We wrote recently about how AI visibility tools that cost $500 a month can be replicated for about $100 with DIY scripts. That piece was aimed at smaller teams. What Pfizer is doing is the enterprise version of the same instinct: when the market doesn't have what you need, you build it yourself.

What Mid-Market Teams Can Do Without a Six-Figure Headcount

Not every brand has the budget for a five-person internal GEO team. And honestly, most don't need one yet. But the direction is clear, and there are concrete things you can do this week.

First, run a basic AI visibility audit. Ask ChatGPT, Gemini, and Perplexity the five questions your customers ask most about your category. Note whether your brand appears in the responses, what sources get cited, and what the sentiment looks like. This takes about 20 minutes. If your brand doesn't show up for any of them, that's your baseline and your problem statement in one.

Second, track citation sources. The brands winning in AI search tend to get cited from specific types of content: Reddit discussions, expert roundups, original research, and product documentation. Pull your last quarter of content and ask honestly whether any of it is the kind of source an LLM would reach for. If it's all blog posts rewriting the same talking points as everyone else, it probably won't get cited. From what I've seen, original data and genuine expert perspective are what the models seem to favor.

Third, check your entity clarity. LLMs struggle with brands that don't have clean, consistent entity data across the web. If your Wikipedia page, LinkedIn company profile, and Google Business listing all describe you slightly differently, the model will pick whichever description it trusts most. That might not be the one you'd choose.

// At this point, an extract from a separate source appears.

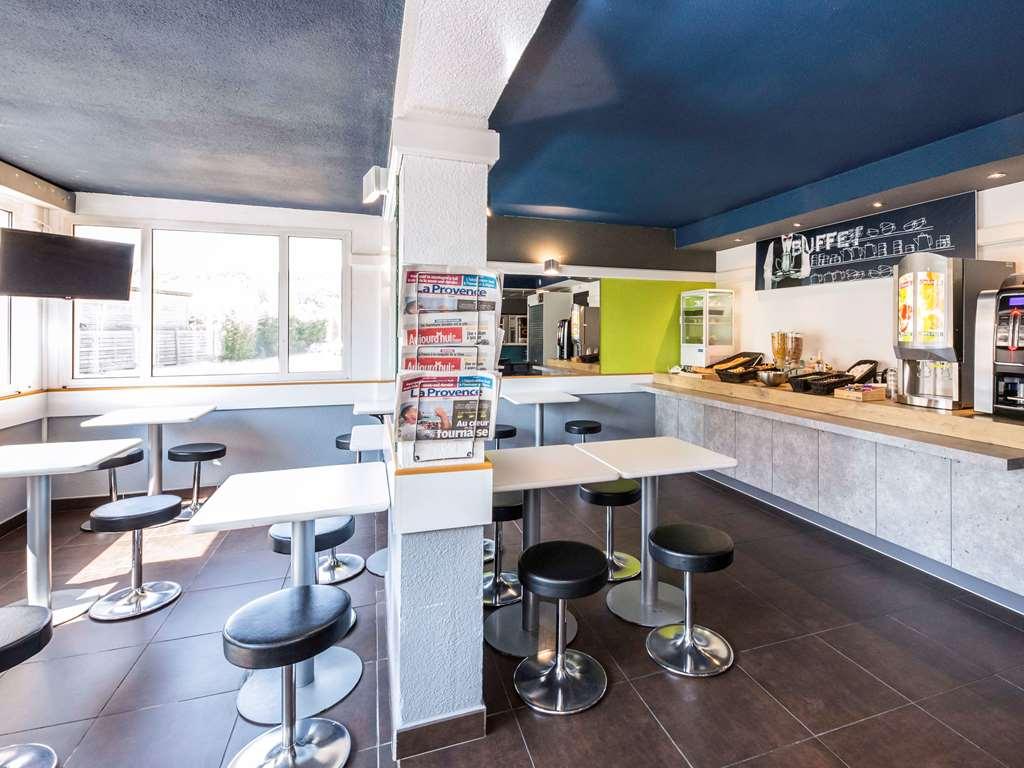 Ibis Budget Систерон Ресторан фото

The 18-Month Window Before the Fortune 500 Catches Up

My prediction: by Q4 2027, at least 60 percent of Fortune 500 companies will have a dedicated AI search visibility role. Right now, maybe 15 to 20 percent do. That gap is where the advantage lives for brands willing to move now.

The brands building these teams today aren't smarter. They're just the ones who noticed that organic search traffic started evaporating and didn't wait for their agency to bring it up in a quarterly review.

Pfizer built a team in 60 days. That's fast for a pharmaceutical company that normally takes months to approve a slide deck. It's also a signal that the urgency is real.

I don't think every brand needs to go full in-house on this. But every marketing team needs someone who understands how LLMs select and cite sources, and who checks whether the brand is showing up in AI answers at least once a month. That person might be your existing SEO lead with some new tools. It might be a consultant. What it shouldn't be is nobody.

The gap between brands monitoring their AI search presence and brands ignoring it is about to get very obvious in the traffic reports. And in most cases, by the time you see it there, you're already months behind.